Canadian Jews Want 92-Year-Old Nazi ‘Killer’ Deported for Trial

Jewish groups are calling on Canada to strip Canadian citizenship from a 92-year-old man who was once a member of a Nazi death squad.
In a letter to Citizenship Minister John McCallum, the groups say it’s time to conclude to what has been a 20-year battle to deport Helmut Oberlander.
“As has been clearly established, Mr. Oberlander was a member of one of the most savage Nazi killing units, responsible for the murder of more than 90,000 Jewish men, women, and children during the Holocaust,” states the March 9 letter. “He is here illegally, was associated with a horrific and murderous enterprise for which he has neither demonstrated nor expressed any remorse, and he ought to have his Canadian citizenship revoked immediately,” it adds.
Born in Ukraine, Oberlander immigrated to Canada in 1954 and became a citizen in 1960. Ottawa began trying to strip him of his citizenship in 1995, prompting a protracted court battle.
In 2000, a judge ruled that Oberlander had lied about his wartime service in order to gain citizenship. The Canadian Cabinet stripped him of citizenship three times. Twice it was restored by court rulings.
Oberlander won another reprieve last month when the Federal Court of Appeal sent the matter back to Cabinet, asking it to review its third revocation.
Oberlander, of Waterloo, Ontario, was a member of a mobile death squad in the Soviet Union during World War II. He claims to have been a low-level interpreter who was conscripted under duress. He also claims that he never took part in killings, and that he would have been shot had he tried to escape.
The Jewish groups, including Canadian Jewish Holocaust Survivors and Descendants, the Centre for Israel and Jewish Affairs and B’nai Brith Canada, want him stripped of his Canadian nationality and deported from the country.

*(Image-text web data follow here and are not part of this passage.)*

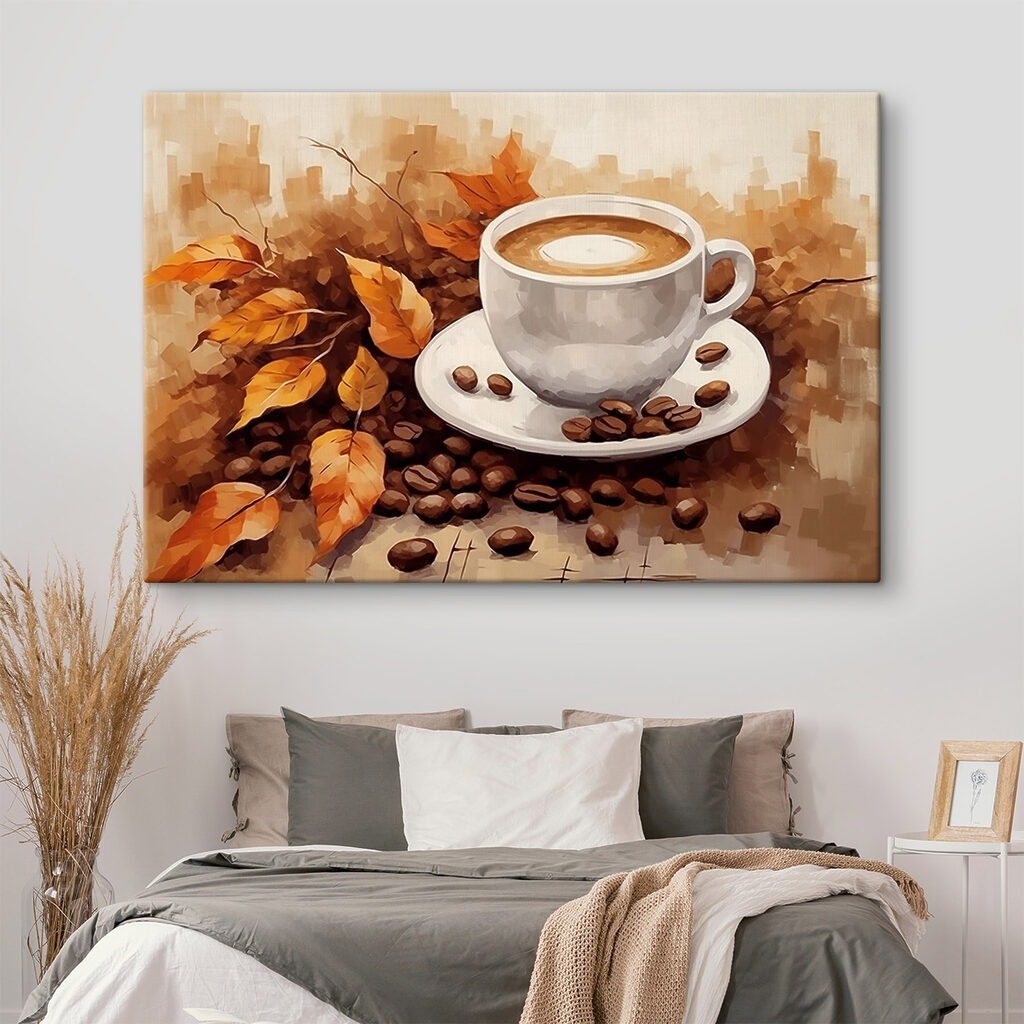Café entre folhas outonais — interior 2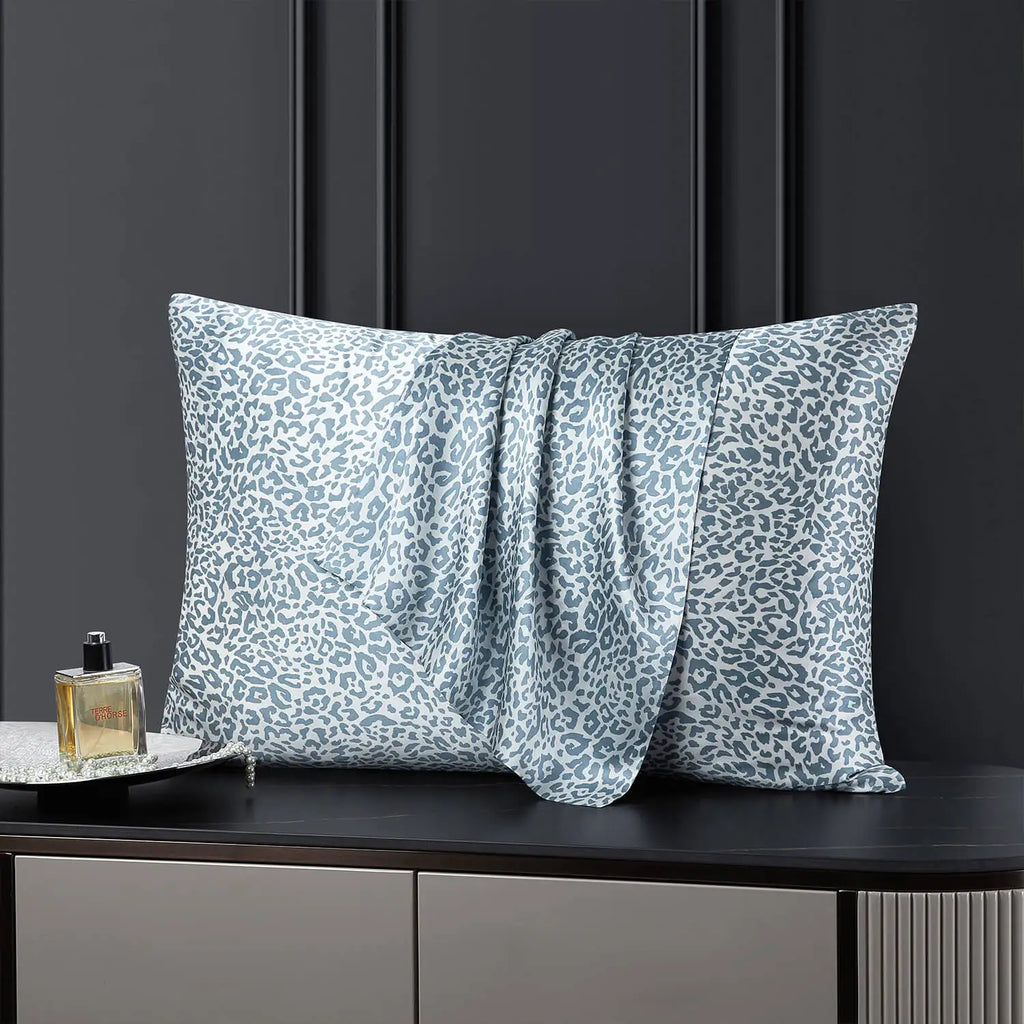 21 Momme Pure Mulberry Silk Pillowcase - Gray Leopard Print, Hidden Zipper, Queen / King Sizes, Hair & Skin Friendly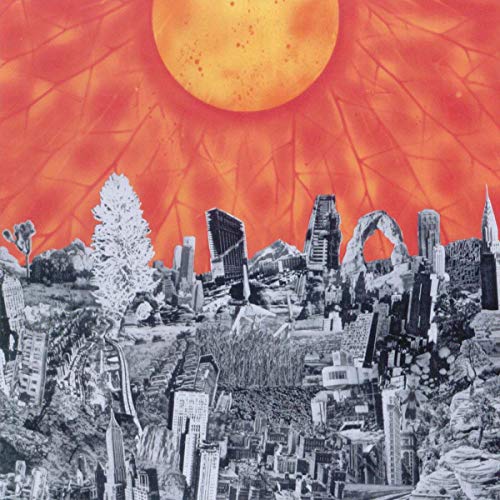 Collage of a city skyline beneath a large, orange sun.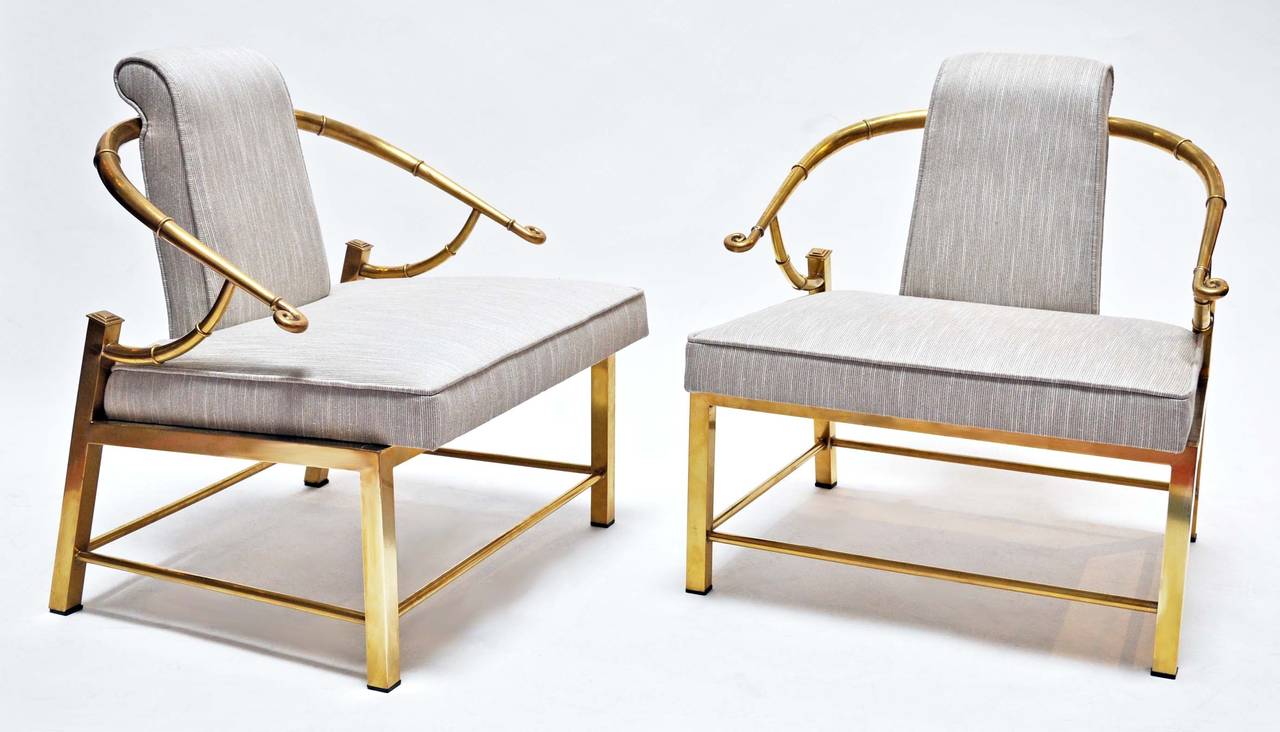 Beautiful pair of brass and upholstered chairs by Mastercraft. Newly upholstered. The brass has been polished but not lacquered.
The chairs are one half-inch different in size.
Price is for the pair.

“It is particularly stressful for members of our survivor community, who are law-abiding and responsible citizens, to know that a member of the vicious killing unit Einsatzkommando 10a remains in Canada illegally,” they write. “It is well past time for him to leave.”
In an interview with the Canadian Press, Oberlander’s lawyer, Ronald Poulton, said the letter was “irresponsible” because it suggests “that anyone who fights injustice is abusing a system because he never gives up.”
An online petition at cija.ca calling on Ottawa to revoke Oberlander’s citizenship has to date garnered nearly 1,000 signatures.